Linode has really failed me this time around. After 5+ years of service, they have left me in a irrecoverable state, and I'm not sure I can continue with Linode.

17 days ago, there was support ticket opened: where Linode administrators detected "an issue" affecting the physical hardware on my Linode. I was on vacation at the time, so had no clue this happened. Of course this brought down all my web sites; they attempted to resolve this with the last message being:

__"At this time, our administration team has fully resolved this issue on the host and your Linode is currently booting. There is no need to issue boot jobs for your Linode at this time.

Once this has completed, an emergency migration will be configured to another host immediately. Once on that new host, your Linode should boot successfully and be fully accessible."__

Of course, what happened was that my Linode was not able to boot successfully. And was left in such a state for the 2 weeks whilst I was on holiday without internet access.

Over the last week, I've been trying to bring this back up with countless messages with Support, and have tried everything. After 7 days, support gave up and told me to go to the forums as they claimed this has gone "beyond the scope of their support services."

I've tried everything in Rescue mode, to mount and boot up the linode, but it fails with message: "Linode failed to boot for unknown reason."

The sequence before it fails is:

Key type dns_resolver registered

Key type ceph registered

libceph: loaded (mon/osd proto 15/24)

mce: Unable to init device /dev/mcelog (rc: -5)

Loading compiled-in X.509 certificates

registered taskstats version 1

I'm using a old Debian release and have tried to change the configuration profile to 3.15, but it still does not boot.

I'm about to give up completely, just hoping anyone out there that can help with this.

3 Replies

I'm amazed that after 5+ years you don't have a viable emergency recover plan. Hardware/software/network/people bork all the time, any decent sysadmin plans for such events and has a bare metal recovery plan laid out, tested, and ready to deploy.

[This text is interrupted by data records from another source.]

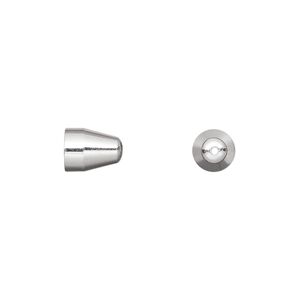 Cone, silver-finished brass, 8x6mm seamless with 5.5mm inside diameter. Sold per pkg of 10.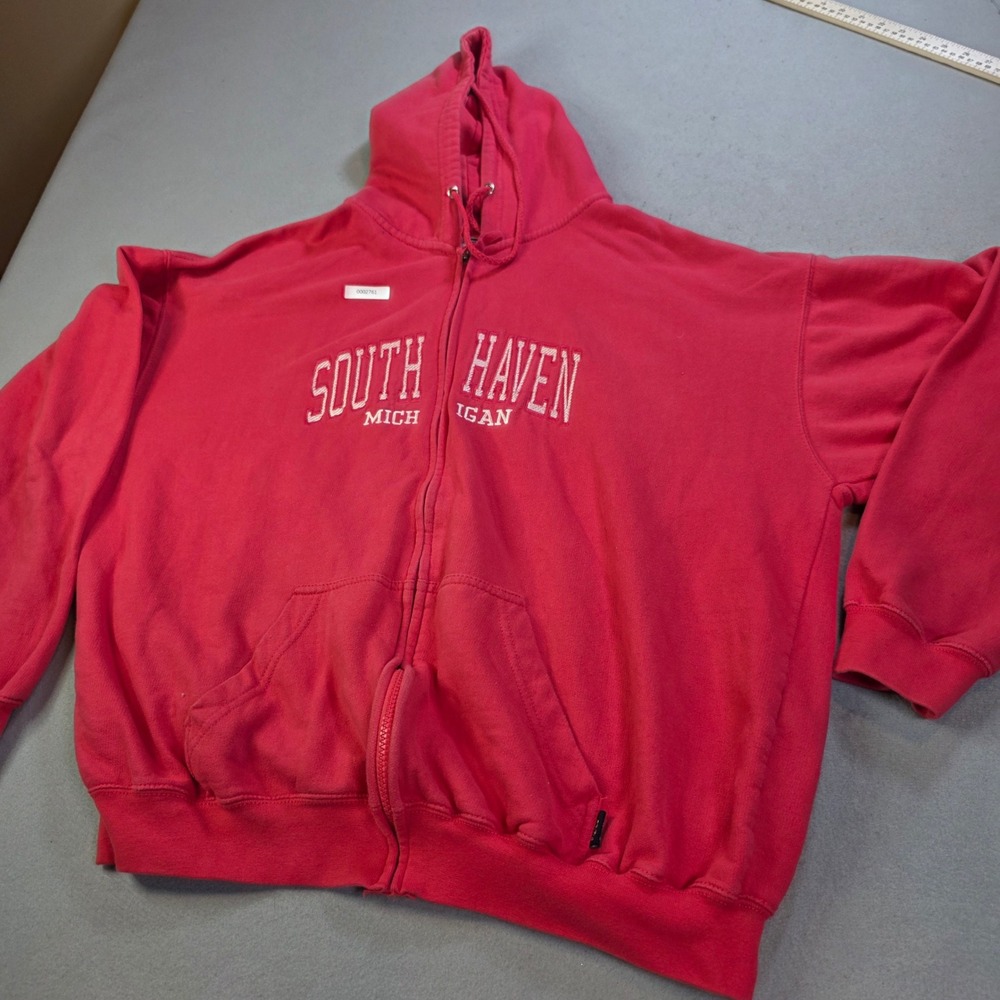 Pacific & Co South Haven Michigan Red Full Zip Hoodie Sweatshirt XL Distressed
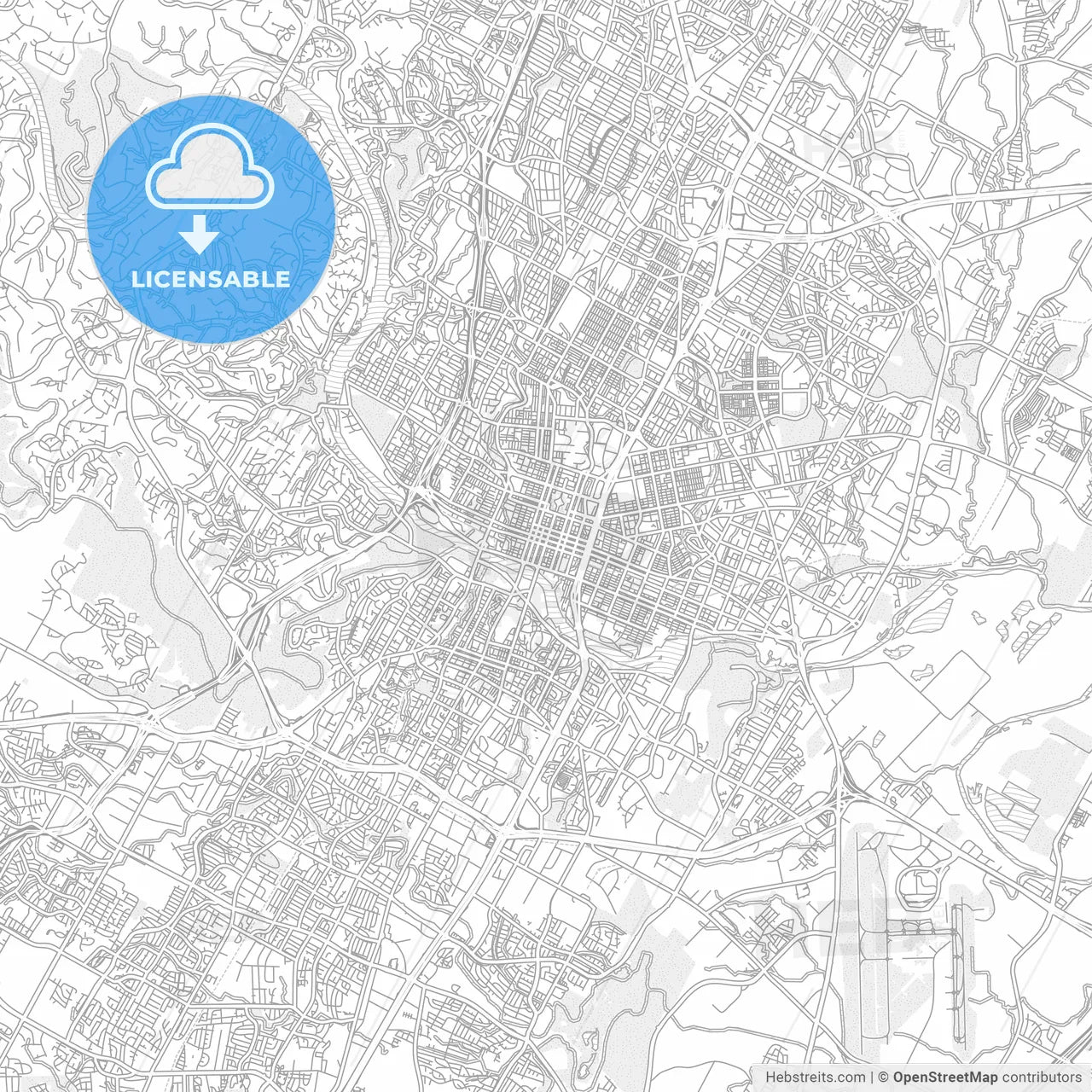 Austin, Texas, USA, bright outlined vector map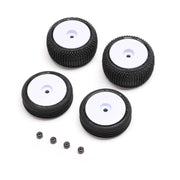 Losi LOS-1763 White Wheel and Tyre Set Micro-B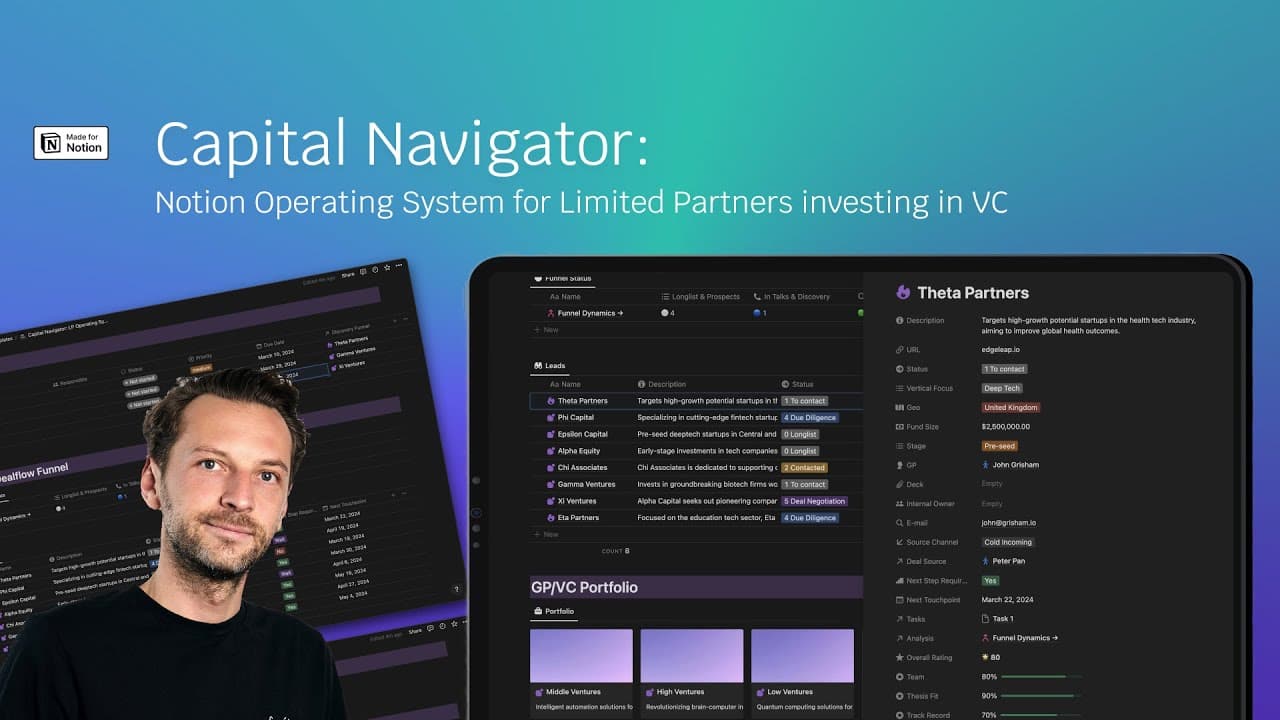 Capital Navigator: The LP Operating System streamlines investment processes for family offices & LPs. It combines a deal flow CRM, scoring, document management, and task tracking, with easy navigation and comprehensive people networks. Manage your VC deal flow and portfolio effor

What you should be doing is spinning up a new Linode, running your automated installation/configuration scripts, and copying your latest data from your last off-system backup.

Doesn't sound like you have any of those options available.

Oh well, live and learn. Next time, hopefully, you'll be better prepared.

Create a new disk, install a new Debian system there, and use it to mount and recover the information in your old system. 1 GB should be enough for a base system having ssh and rsync.

If you can't create a new disk because you already spent your 24576 MB of disk space, you could upgrade your linode temporarily while you recover the info in your old system.

Thanks for the suggestion. I managed to mount it, and retrieve my content files, however, all the database files are gone as it appears the whole var directory got taken out by the disk failure.

Sigh, lesson learned indeed. Complacency got the better of me. Always have a backup is the lesson learned.